Le constat, relayé par la presse régionale, se fait un peu partout, de Lille à Toulouse en passant par Narbonne, Arras ou Belfort. Même si toutes les catégories d’âge sont touchées, les jeunes, très présents parmi les abstentionnistes dimanche dernier, semblent plus particulièrement se mobiliser. C’est notamment le cas dans les villes étudiantes, où les jeunes des alentours, attirés par l’université ou une quelconque école, ne retournent pas toujours voter dans leur patelin d’origine, où leur nom figure toujours sur les listes électorales…

Au commissariat central de Strasbourg par exemple, on ne cache pas une explosion du nombre de requêtes : «Les appels que l'on a reçus cette semaine portaient en majorité sur ce sujet.» Et les chiffres enregistrés sont édifiants : entre le 4 juin et le 6 décembre, veille du premier tour, c'est-à-dire en six mois, ce commissariat avait enregistré 1 545 procurations pour les élections régionales. De lundi à jeudi midi, en à peine trois jours et demi, il en avait validé 1 193 de plus.

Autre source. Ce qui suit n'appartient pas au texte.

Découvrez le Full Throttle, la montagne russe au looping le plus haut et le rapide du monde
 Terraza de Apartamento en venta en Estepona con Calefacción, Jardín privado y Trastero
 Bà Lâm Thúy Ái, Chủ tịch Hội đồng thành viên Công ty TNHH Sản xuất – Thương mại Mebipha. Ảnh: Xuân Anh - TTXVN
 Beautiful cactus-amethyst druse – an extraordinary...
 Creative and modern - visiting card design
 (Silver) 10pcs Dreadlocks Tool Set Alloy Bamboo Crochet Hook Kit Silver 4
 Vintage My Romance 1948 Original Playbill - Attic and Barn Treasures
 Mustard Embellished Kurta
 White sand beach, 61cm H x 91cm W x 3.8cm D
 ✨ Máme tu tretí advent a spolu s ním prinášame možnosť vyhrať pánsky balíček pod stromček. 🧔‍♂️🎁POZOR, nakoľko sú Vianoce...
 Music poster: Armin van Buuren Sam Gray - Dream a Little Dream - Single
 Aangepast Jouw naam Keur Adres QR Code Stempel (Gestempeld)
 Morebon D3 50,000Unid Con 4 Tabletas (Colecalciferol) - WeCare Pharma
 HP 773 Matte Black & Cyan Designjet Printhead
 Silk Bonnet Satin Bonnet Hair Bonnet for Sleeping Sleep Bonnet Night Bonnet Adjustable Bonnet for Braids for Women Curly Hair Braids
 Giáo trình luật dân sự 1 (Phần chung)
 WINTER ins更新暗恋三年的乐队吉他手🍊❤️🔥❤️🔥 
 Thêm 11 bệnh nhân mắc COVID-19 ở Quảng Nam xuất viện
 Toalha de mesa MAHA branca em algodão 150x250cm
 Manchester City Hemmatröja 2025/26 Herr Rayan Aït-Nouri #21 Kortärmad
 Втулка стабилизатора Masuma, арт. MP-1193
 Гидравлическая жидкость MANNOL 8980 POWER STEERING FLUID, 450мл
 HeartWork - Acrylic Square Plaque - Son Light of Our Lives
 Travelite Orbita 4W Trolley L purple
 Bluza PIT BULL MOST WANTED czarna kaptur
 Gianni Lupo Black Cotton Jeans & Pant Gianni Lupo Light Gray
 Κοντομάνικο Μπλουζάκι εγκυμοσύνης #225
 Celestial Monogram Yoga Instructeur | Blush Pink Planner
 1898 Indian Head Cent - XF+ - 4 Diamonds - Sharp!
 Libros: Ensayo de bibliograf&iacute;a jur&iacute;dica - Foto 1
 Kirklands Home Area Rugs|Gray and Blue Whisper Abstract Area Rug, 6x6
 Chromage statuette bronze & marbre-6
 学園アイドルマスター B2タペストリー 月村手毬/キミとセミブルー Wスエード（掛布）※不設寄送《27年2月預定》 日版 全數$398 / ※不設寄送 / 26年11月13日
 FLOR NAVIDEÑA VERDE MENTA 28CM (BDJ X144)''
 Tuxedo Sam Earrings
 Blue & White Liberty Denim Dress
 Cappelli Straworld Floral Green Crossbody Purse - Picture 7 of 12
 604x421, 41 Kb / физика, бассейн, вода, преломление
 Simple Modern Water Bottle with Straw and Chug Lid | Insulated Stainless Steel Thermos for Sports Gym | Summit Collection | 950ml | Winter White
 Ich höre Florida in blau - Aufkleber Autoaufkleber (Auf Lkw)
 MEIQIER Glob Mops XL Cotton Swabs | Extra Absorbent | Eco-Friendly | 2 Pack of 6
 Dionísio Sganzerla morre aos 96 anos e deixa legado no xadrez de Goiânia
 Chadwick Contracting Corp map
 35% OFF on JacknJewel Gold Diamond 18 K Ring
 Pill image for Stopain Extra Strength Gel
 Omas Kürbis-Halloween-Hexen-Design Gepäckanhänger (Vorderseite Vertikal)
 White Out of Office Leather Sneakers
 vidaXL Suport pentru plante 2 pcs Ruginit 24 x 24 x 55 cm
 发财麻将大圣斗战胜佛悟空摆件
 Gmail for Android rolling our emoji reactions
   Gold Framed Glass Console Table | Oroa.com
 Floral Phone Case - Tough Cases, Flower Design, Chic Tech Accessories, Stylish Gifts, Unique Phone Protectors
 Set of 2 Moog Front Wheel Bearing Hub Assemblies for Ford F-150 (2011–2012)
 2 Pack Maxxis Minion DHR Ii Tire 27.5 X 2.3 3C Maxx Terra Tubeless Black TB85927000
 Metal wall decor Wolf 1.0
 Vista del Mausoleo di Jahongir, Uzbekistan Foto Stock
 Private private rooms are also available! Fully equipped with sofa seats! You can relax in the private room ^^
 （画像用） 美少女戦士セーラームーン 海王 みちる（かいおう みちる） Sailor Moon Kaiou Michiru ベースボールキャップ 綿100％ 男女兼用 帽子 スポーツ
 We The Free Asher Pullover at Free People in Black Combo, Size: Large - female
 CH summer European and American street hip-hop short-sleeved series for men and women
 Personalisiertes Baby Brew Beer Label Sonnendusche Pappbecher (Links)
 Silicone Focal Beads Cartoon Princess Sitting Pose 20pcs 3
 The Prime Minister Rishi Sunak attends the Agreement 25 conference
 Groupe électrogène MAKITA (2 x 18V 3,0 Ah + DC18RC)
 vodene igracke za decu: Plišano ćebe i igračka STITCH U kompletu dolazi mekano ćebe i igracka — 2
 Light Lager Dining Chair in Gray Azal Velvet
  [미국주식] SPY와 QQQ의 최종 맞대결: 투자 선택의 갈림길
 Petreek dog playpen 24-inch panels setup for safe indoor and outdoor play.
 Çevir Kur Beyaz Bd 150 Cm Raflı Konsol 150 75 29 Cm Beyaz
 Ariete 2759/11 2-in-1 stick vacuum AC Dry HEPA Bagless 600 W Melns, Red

Suffisant pour faire brutalement reculer l'abstention et le Front national au second tour dimanche ? En tout cas, même les terres moins perméables au vote frontiste semblent concernées. «Ma région n'est pas en "danger immédiat", mais tout vote allant ailleurs qu'au FN est bon à prendre, estime Simon, Rennais de 27 ans exilé en banlieue parisienne. Connaissant la Bretagne, je n'étais pas du tout inquiet avant le premier tour, et les résultats m'ont d'ailleurs donné raison. Mais 18 % pour le Front national, c'est déjà trop.»

Vendredi, les queues s'étaient réduites : les procurations devant encore voyager par la poste, «à l'ancienne», il était sans doute déjà trop tard pour quiconque espérait voir sa voix représentée à l'autre bout du pays. Pourtant, certains, comme Emma, insistaient encore. «On nous a bien dit que c'était probablement en vain, mais au moins, on a bonne conscience.»